The saying, “Do what you love, and you’ll never work,” describes how Judy Lewis, co-chief pediatric nurse anesthetist, has often felt about working in pediatrics. After graduating from college, Judy began working in a pediatric intensive care unit (PICU) as a registered nurse. PICU provided the adrenaline rush she craved, along with the compassion she wanted to give to the young and the weak.
“I fell in love with the children,” she said. “The more challenging the cases, the more rewarding it was for me professionally and personally.”

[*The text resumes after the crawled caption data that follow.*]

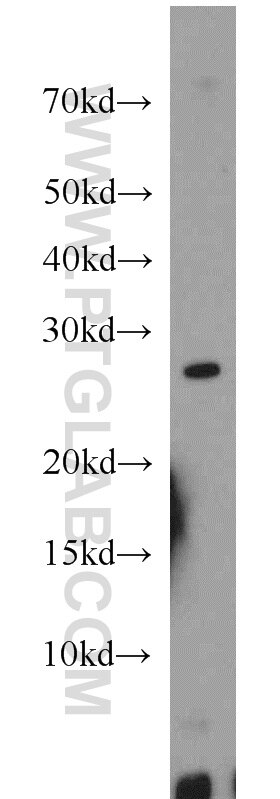 Western Blot (WB) analysis of mouse skeletal muscle tissue using MXD1 Polyclonal antibody (17888-1-AP)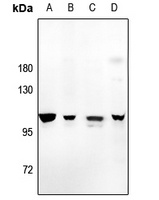 Amphiphysin 1 Rabbit Polyclonal Antibody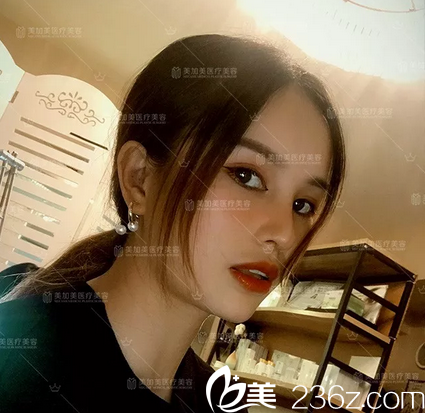 深圳美加美隆鼻案例
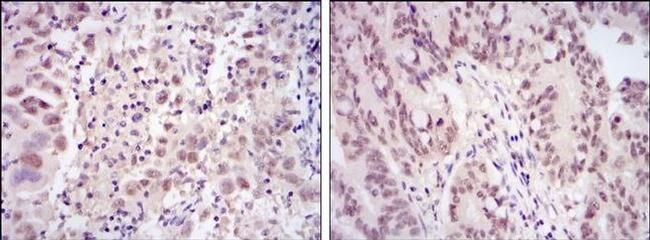 CDK9 Antibody in Immunohistochemistry (Paraffin) (IHC (P))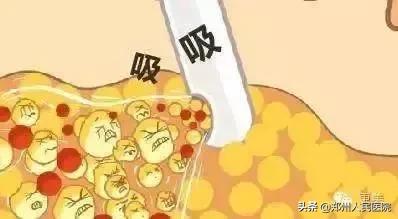 这样式儿的减肥，让身体发出求救信号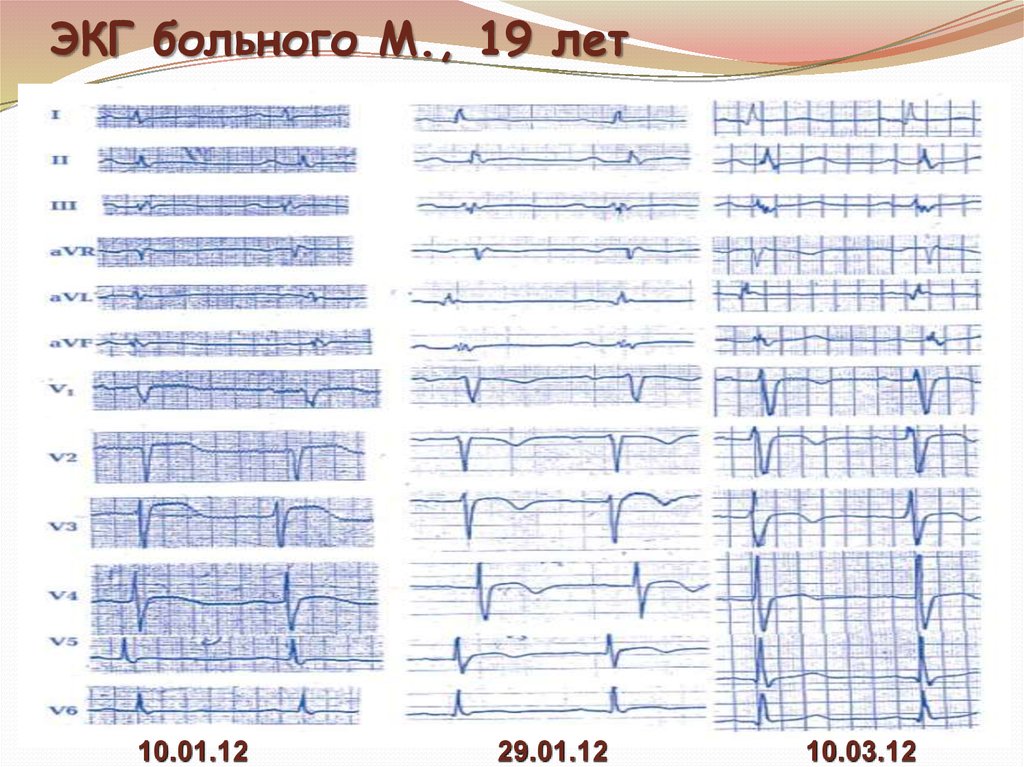 Экг пациентов. ЭКГ при перикардите. Изменения ЭКГ при перикарде. Пример ЭКГ при перикардитах. Изменения ЭКГ при перикардите носят следующий характер.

Judy has always felt a gentleness toward animals and humankind. As a child, she participated in a 4-H club, raising rabbits and a horse at her parents’ 10-acre home near the Cuyahoga Valley National Park. Her mother, a homemaker who valued education, saw this in Judy and encouraged her to become a nurse.
By chance, 2 of Judy’s childhood friends had mothers who worked as nurse anesthetists. They influenced Judy’s decision to pursue her master’s degree and become a certified registered nurse anesthetist (CRNA), providing anesthesia to children. Even though she wouldn’t spend much time with “awake” patients, she liked caring for children before, during and after their surgeries while working in busy operating rooms.
Additionally, Judy used her pediatric anesthesia experience during 9 separate medical missions to Chile. Originally recruited by Dr. James Lehman, Children’s Craniofacial Center founder and former chief of plastic surgery, Judy volunteered with Operation Sunrise, which provides life-saving reconstructive cleft surgeries.
2020 Magnet Nurse of the Year nominee
The nurse anesthesia field has allowed Judy to broaden her reach beyond the operating room. It’s given her the opportunity to educate and mentor other people and contribute to improvements in and research around pediatric postoperative pain managements and quality initiatives in pediatric anesthesia.
Her impact at Children’s was recognized in July 2020 when she was awarded Children’s Magnet Nurse of the Year nomination. The award is tied into the American Nurses Credentialing Center’s national award program and recognizes the outstanding contributions of clinical nurses in one of 5 Magnet model areas. Judy earned the nomination in the Magnet model area of exemplary professional practice, particularly for the way she responded to the changing dynamics of health care, including those caused by the pandemic.
For example, COVID-19 caused many obstacles in how to care for COVID-positive patients. Judy worked with the anesthesia team to create protocols and gather supplies to keep them safe during surgical cases or wherever the anesthesia team was needed. Another example, said Betsy Kendrick, clinical nurse specialist and Judy’s nominator, was Judy’s COVID-19 response team participation, citing a video that Judy helped to make about personal protective equipment in the perioperative setting.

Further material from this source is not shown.